# Your instructions
Here the job is to transcribe the data exactly while omitting the images.

# Source material
......

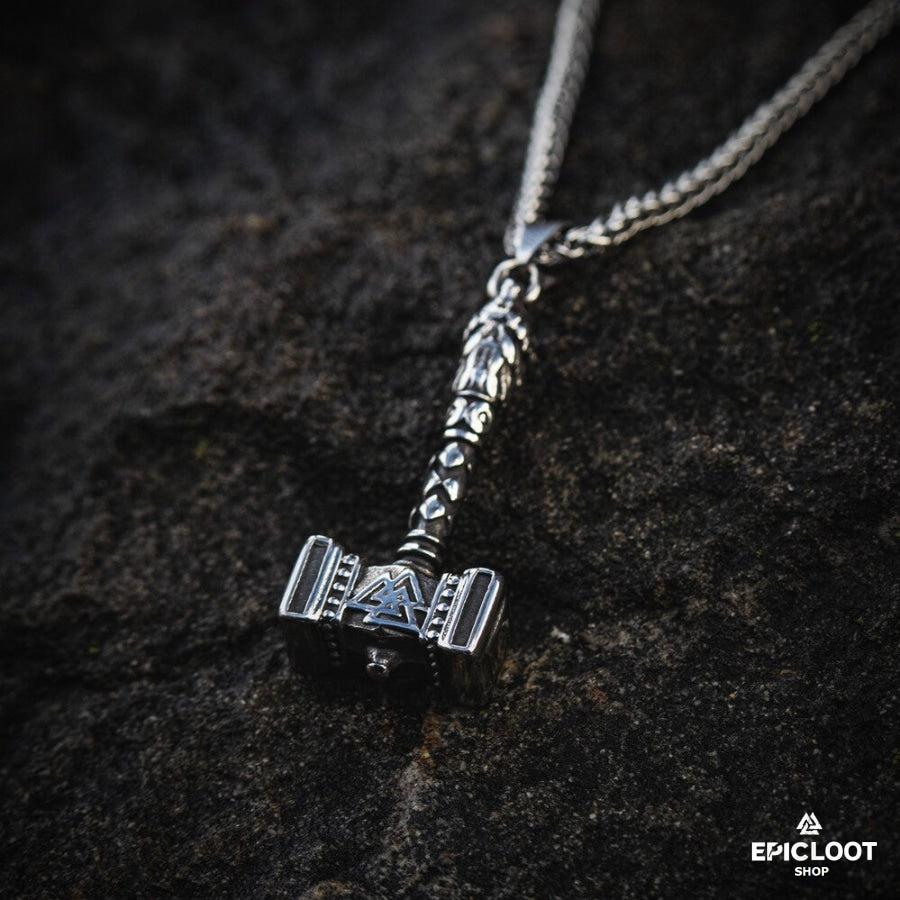 Mjolnir thors hammer necklace
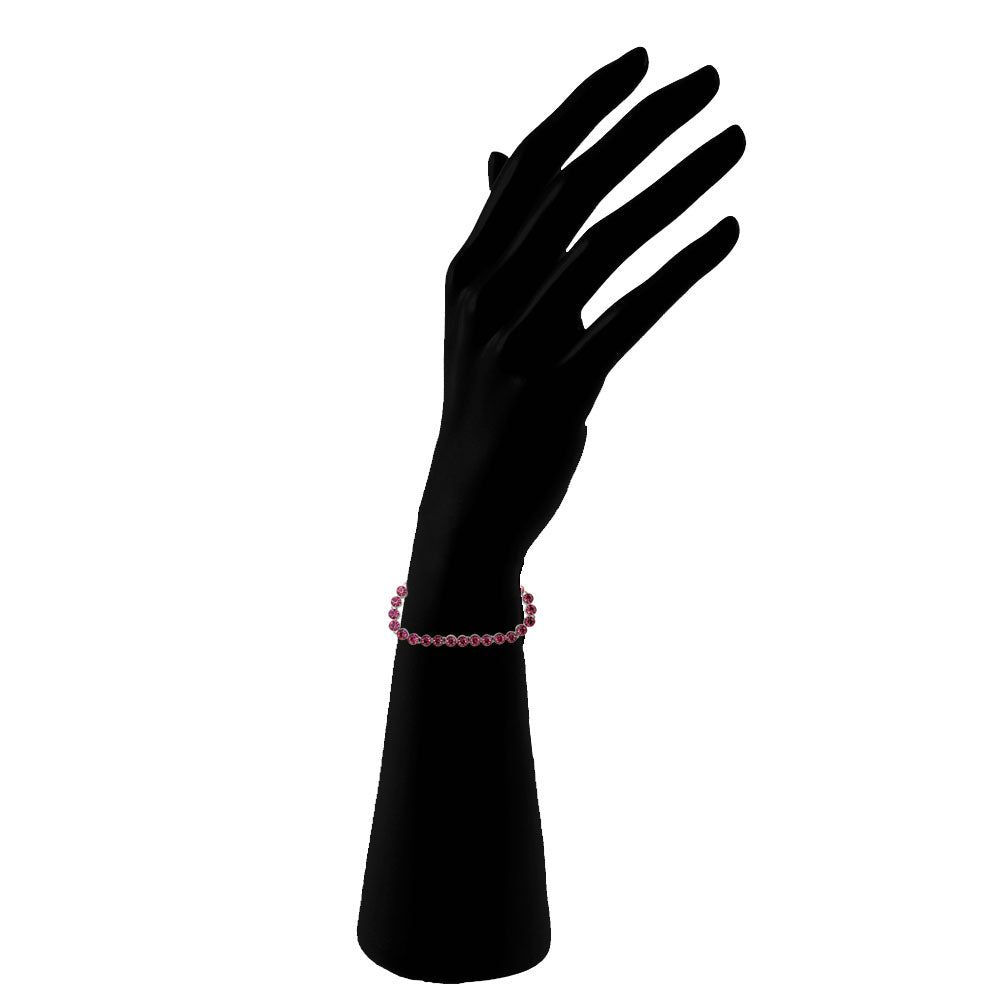 Delightful tennis bracelet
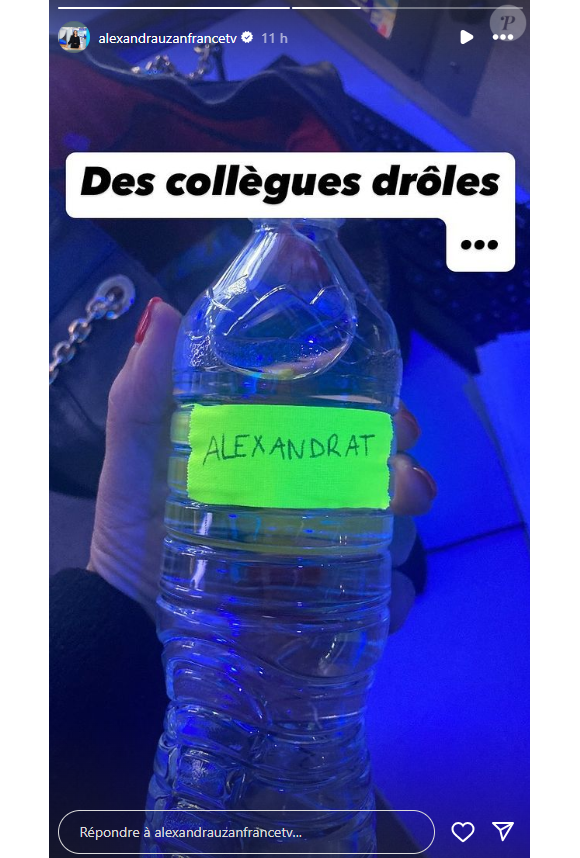 Une petite erreur partagée sur son compte Instagram... et qui a beaucoup amusé ses collègues, blagueurs.
Alexandra Uzan partage une petite erreur de la cantine de France Télévisions.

......

# Exercise output
 Mjolnir thors hammer necklace
 Delightful tennis bracelet
 Une petite erreur partagée sur son compte Instagram... et qui a beaucoup amusé ses collègues, blagueurs.
Alexandra Uzan partage une petite erreur de la cantine de France Télévisions.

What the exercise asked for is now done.